DAQC2plate - ADC Nodes lockup if external python script to toggle DOUT pins is executed
Opened this issue · 3 comments
This may not be an issue with node-red-contrib-pi-plates, however...
Attached Example Flow merely reads two ADC values. Import to Node-Red, configure the Pi-Plate, and Deploy.
Validate ADC nodes are getting values.
Log into a shell on the Pi running Node-Red.
Create wigglepin.py from attachment:
import piplates.DAQC2plate as DAQC2
import RPi.GPIO as GPIO
import time
try:
while 1:
DAQC2.setDOUTbit(0,5)
time.sleep(.9)
DAQC2.clrDOUTbit(0,5)
time.sleep(.1)
except KeyboardInterrupt:
DAQC2.clrDOUTbit(0,5)
GPIO.cleanup()
Execute it
python3 wigglepin.py
The DOUT 5 pin should start toggling, or sometimes you get the callstack listed below.

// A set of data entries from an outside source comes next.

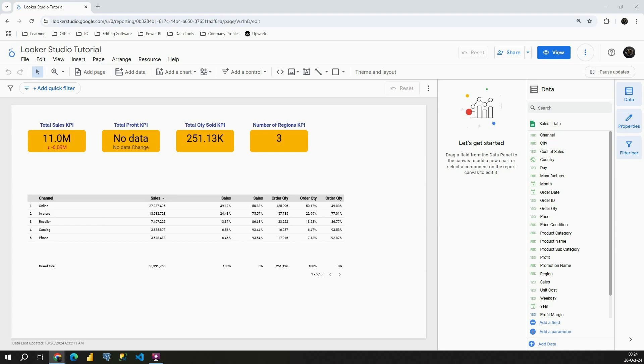Hello, welcome back. In today's video we will continue working with comparison calculations. In this one we will be working with percent of max. So let's see how we can use that in Looker Studio.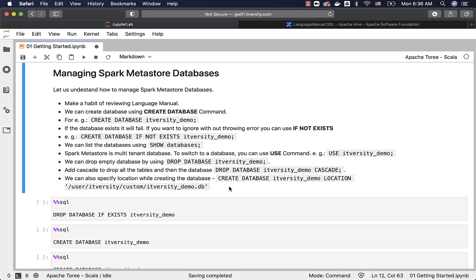You can also specify a custom location other than the default location pointed by the Spark SQL warehouse directory, using the LOCATION keyword. Using LOCATION, you can provide whatever path you want, and it will create the entire folder hierarchy if it does not exist. However, you need to have permissions on the base directory. In our case, the base directory is /user/itversity, and the user has the right permissions, so the database will be created successfully. Without the right permissions, it will fail with permission-related issues.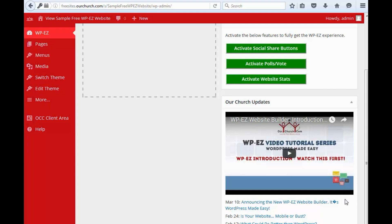Second, we have found the best plugins that give you the functionality you're looking for for your website. Things like calendar, newsletter, image gallery, and more, and those are also pre-installed for you.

Notice the ADC values stop and the Pi-Plate is no longer accessible from Node-Red.
Restart the Flow. Nope. Still dead.
Restart Pi to reconnect to the Pi-Plate.
Wash-Rinse-Repeat
Error Callstack
Traceback (most recent call last):
File "wigglepin.py", line 1, in <module>
import piplates.DAQC2plate as DAQC2
File "/usr/local/lib/python3.7/dist-packages/piplates/DAQC2plate.py", line 748, in <module>
quietPoll()
File "/usr/local/lib/python3.7/dist-packages/piplates/DAQC2plate.py", line 713, in quietPoll
getCalVals(i)
File "/usr/local/lib/python3.7/dist-packages/piplates/DAQC2plate.py", line 727, in getCalVals
values[j]=CalGetByte(addr,6*i+j)
File "/usr/local/lib/python3.7/dist-packages/piplates/DAQC2plate.py", line 586, in CalGetByte
return resp[0]
IndexError: list index out of range
There should really only be one process talking to the Pi Plates at a time. node-pi-plates (which is used by node-red-contrib-pi-plates under the hood) spawns a python co-process (plate_io.py) that imports the python pi-plates module and makes calls to the pi-plates api.

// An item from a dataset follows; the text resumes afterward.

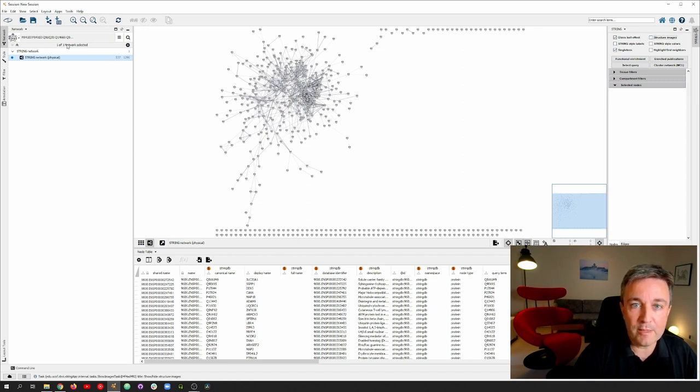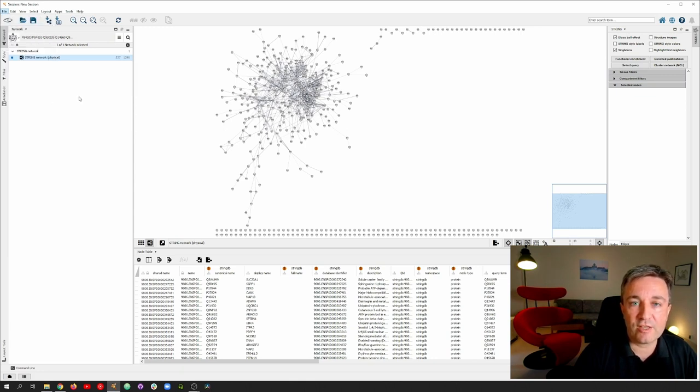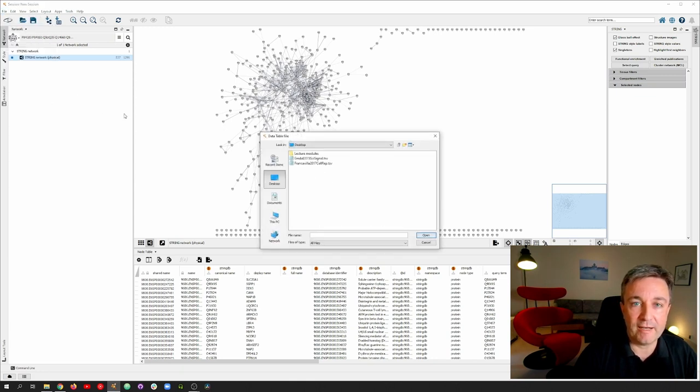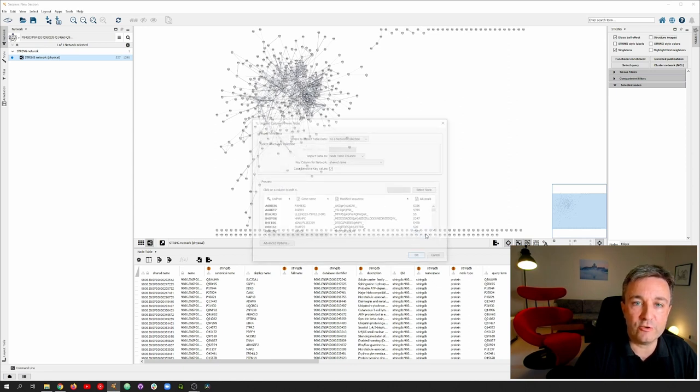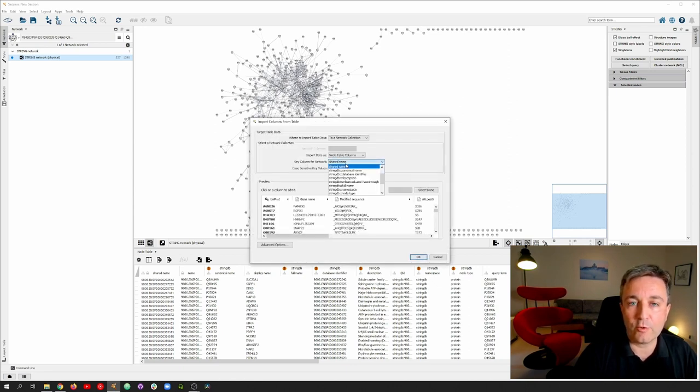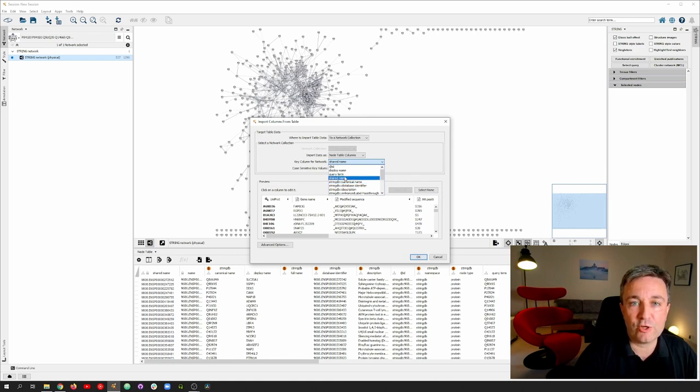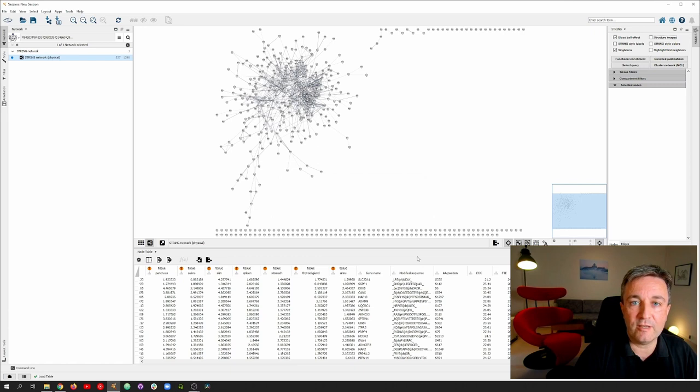We go to the file menu and choose to import a table from file, thereby importing the spreadsheet with all its data into the note table. In the import dialog, we again remember to adjust that we want to use the query term column for matching the names from the spreadsheet.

In order to allow multiple processes to share the pi plates, we'd need a different architecture where the process talking to the pi-plates exposed some API where multiple consumers could connect and make requests (e.g. pigpiod)
So, what's happening when the plate(s) appear to stop responding from the Node-RED interface is a crash of the underlying python process that talks to the plates on behalf of the Node-RED pi-plates nodes. This is probably triggered by a reset of the pi plates microcontroller which means a period of time where the python API calls fail. The wiggle script can also fail in a similar way, but since it's making calls less frequently, it usually survives longer than the node-pi-plates plate_io.py process. The plates are actually back to being functional within a second or two, but the node-pi-plates python co-process won't be re-spawned until Node-RED itself is restarted (e.g. systemctl restart nodered).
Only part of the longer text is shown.